Swedish: Människor Usage

Discussion in 'Nordic Languages' started by garydpoole, Dec 10, 2017.

  1. Hej !

    In the course of my learning, I've encountered the following exert:

    ...de står på stationen i Karlstad. Där finns många människor.

    I'm curious as to why in this context, the word, människor has been used to say, I assume, ...there are many people, when the consensus within the dictionaries that I've used, translate människor as humans or man ?

    However, If I lookup the translation of people, I always get folk.

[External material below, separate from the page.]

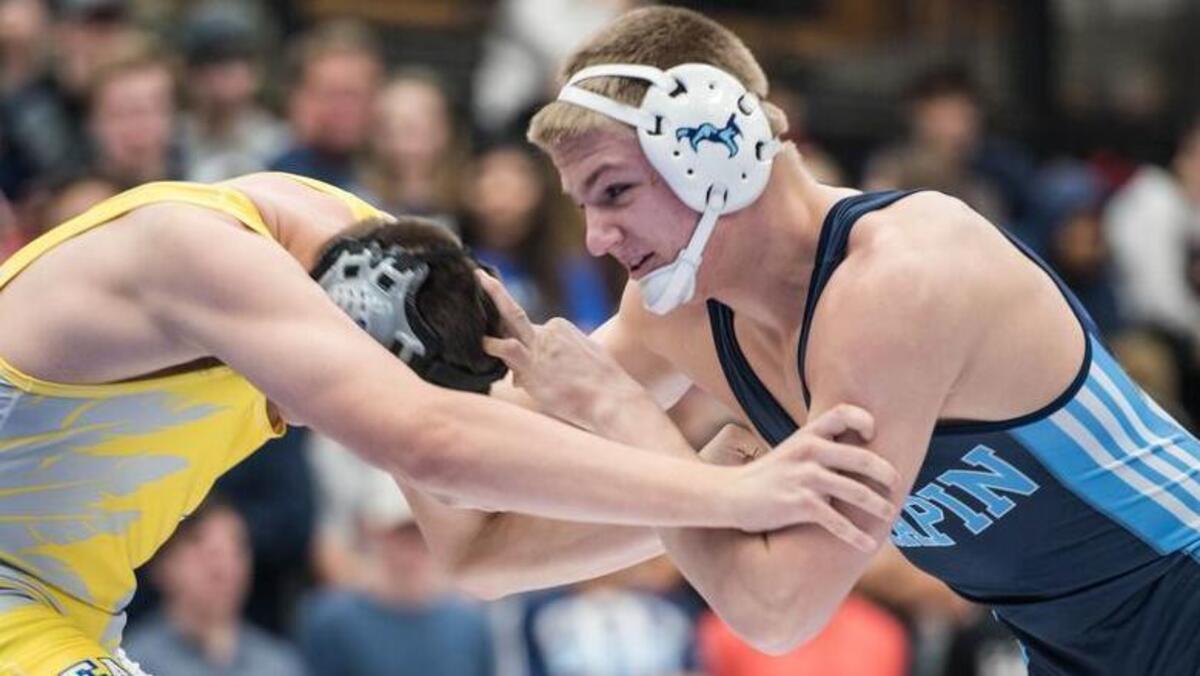 Chapin's Cole Haile, right, grapples with Eastside's Chase Barnes in 2017 Class 4A state dual wrestling championships. The SCHSL state dual playoffs begin Saturday.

    Just wondering why the above exert didn't use folk as a generalisation for people ?

    Many thanks

  2. Swedish Anna

    Swedish Anna Member

    Swedish, Sweden
    Hejsan! Yes, människor often means "people".
    But you could also use folk here.
    Där finns många människor./ Där finns mycket folk.
    To make you even more confused I will add that I would have written: Där är många människor/mycket folk. But I have never seen many people at the train station in Karlstad! :)
    Hoppas att dina studier går som på räls!
  3. Lugubert Senior Member

    To add to the confusion, I'd (probably) prefer Där finns det många människor./ Där finns det mycket folk. I guess that this det counts as a "formal subject", making the people an object.
  4. Thank you for your replies !

    So would you say that one was more commonly used than the other ? Hopefully it would be folk as this is easier to remember !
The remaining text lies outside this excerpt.